Selon une idée reçue et fausse, le budget-programme serait mieux adapté à la lutte anticorruption que les budgets-projets. En fait, peu importe le nom, ce qui compte étant la nature du système de contrôle des programmes de dépenses d’investissements ou de charges courantes (opérationnelles) et, si elle est certes plus élaborée, la formule du budget-programme n’est pas nécessairement la plus indiquée ici.

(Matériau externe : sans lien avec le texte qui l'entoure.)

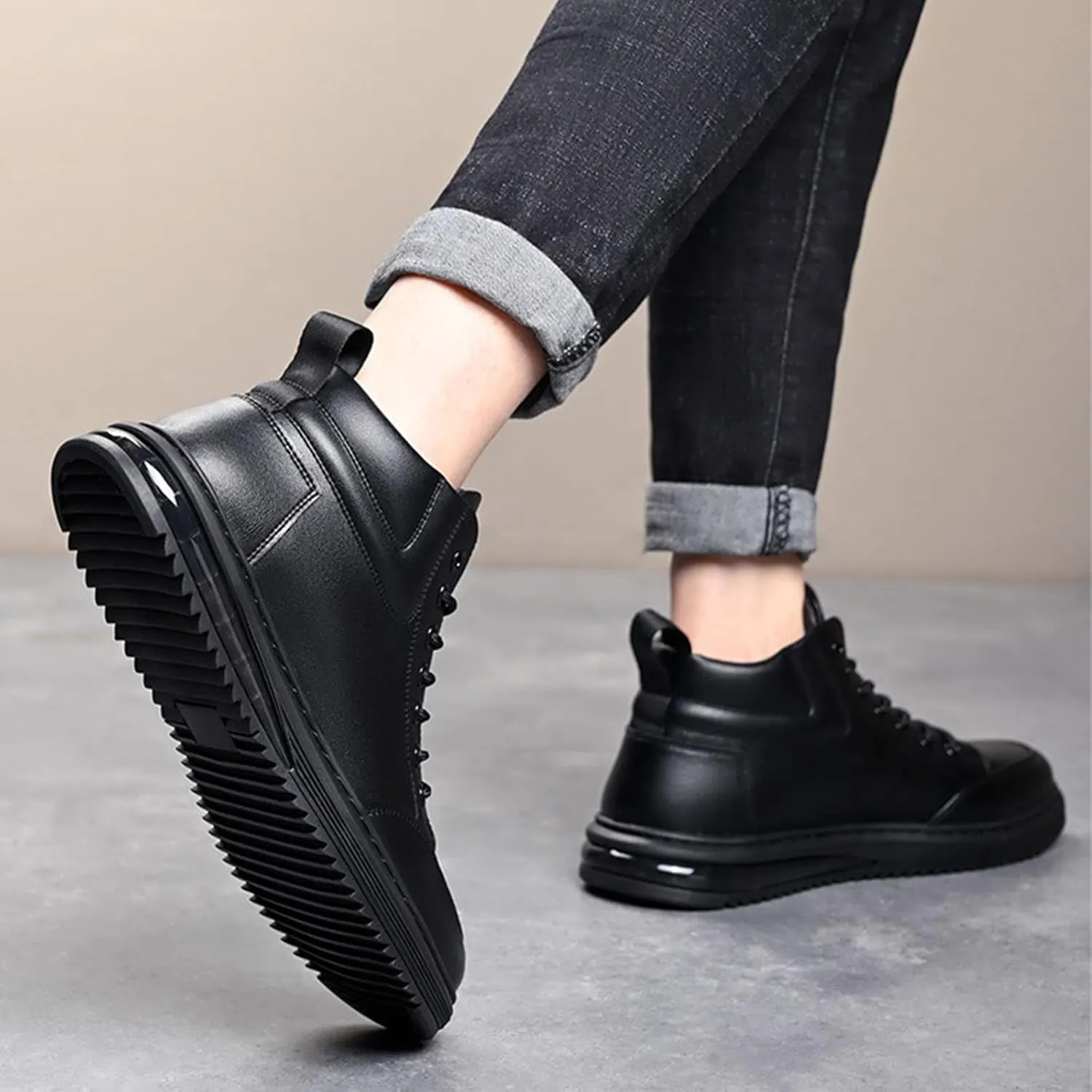 Men's Black Casual Cowhide Air Cushion Shoes,Fall Winter Mid-top Lace-up Softsole Ankle Boots Fashion Sneakers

Un autre élément crucial est négligé : le rôle des règlementations économiques dans l’aggravation, la protection et la facilitation des mauvaises pratiques, comme dans le cas de l’Égypte après 1979. Les lacunes entretenues sciemment ou non dans la règlementation, les lois et les règlements intérieurs ont en effet joué un rôle considérable dans le pillage des fonds publics et la protection des grands prédateurs. Pour lutter sérieusement contre ce fléau, il faut donc s’atteler à la révision des textes en vigueur pour en éliminer les articles favorisant la corruption.
Enfin, la question des fonds et des comptes spéciaux qui, depuis le milieu de la décennie 1970, ont proliféré en Irak comme dans d’autres États arabes (Égypte, Tunisie, Arabie saoudite) n’est pas abordée. Il s’agit pourtant d’un phénomène extrêmement nocif pour les finances publiques puisqu’il a conduit au pillage et à l’épuisement des ressources de ces pays.